Chimeric mice are identified by coat color differences. If ES cells from an agouti strain are injected into albino blastocysts, chimeras exhibit a mottled coat pattern. Higher chimerism increases the likelihood of germline transmission.
Molecular techniques like PCR-based assays detect strain-specific genetic markers, providing a quantitative measure of targeted cell contribution. Fluorescent in situ hybridization (FISH) can visualize chromosomal differences between donor and host cells.
To establish a stable knockout line, chimeric mice must transmit the modified allele through the germline. High-percentage chimeras are bred with wild-type mice to obtain heterozygous offspring, which are then intercrossed to generate homozygous knockouts.
Genetic confirmation of germline transmission is performed through PCR or Southern blot analysis of offspring DNA. If transmission is unsuccessful, additional chimeras may be bred or alternative strategies like tetraploid complementation may be considered.
Knockout mice are verified through genotyping. DNA from tail biopsies or ear punches is analyzed using PCR, with primers distinguishing wild-type, heterozygous, and homozygous knockout alleles. Multiplex PCR streamlines screening by amplifying multiple regions simultaneously.
Southern blotting confirms correct integration and absence of unexpected rearrangements. Quantitative RT-PCR assesses gene silencing, ensuring functional knockout.

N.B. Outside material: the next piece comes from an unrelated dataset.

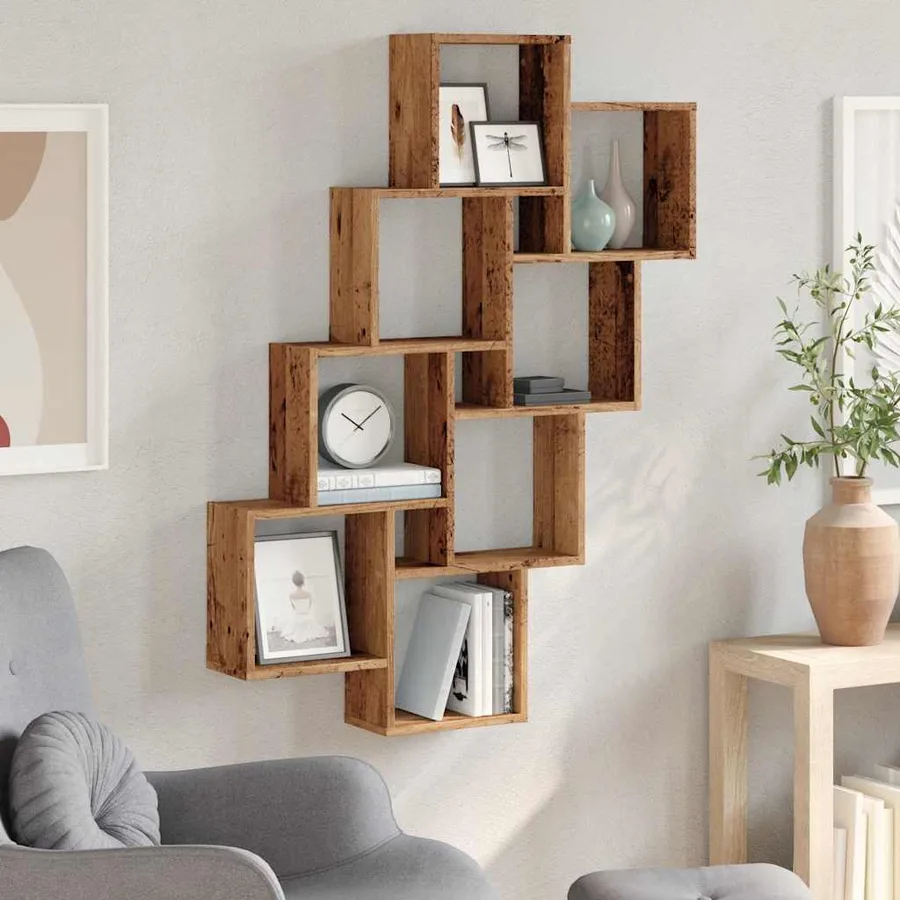 Étagère murale en forme de cube vieux bois 90x15x119,5 cm - 3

Once genetic modification is confirmed, phenotypic and functional assessments determine the gene’s role. Initial characterization evaluates viability, growth, and reproductive success. Behavioral assessments may be conducted for genes involved in neurological or developmental pathways.
Functional studies include tissue-specific expression analysis via Western blotting or immunohistochemistry. RNA sequencing (RNA-seq) identifies downstream gene expression changes and compensatory pathways. Additional studies, such as metabolic profiling or immune system assessments, further delineate the knockout’s impact.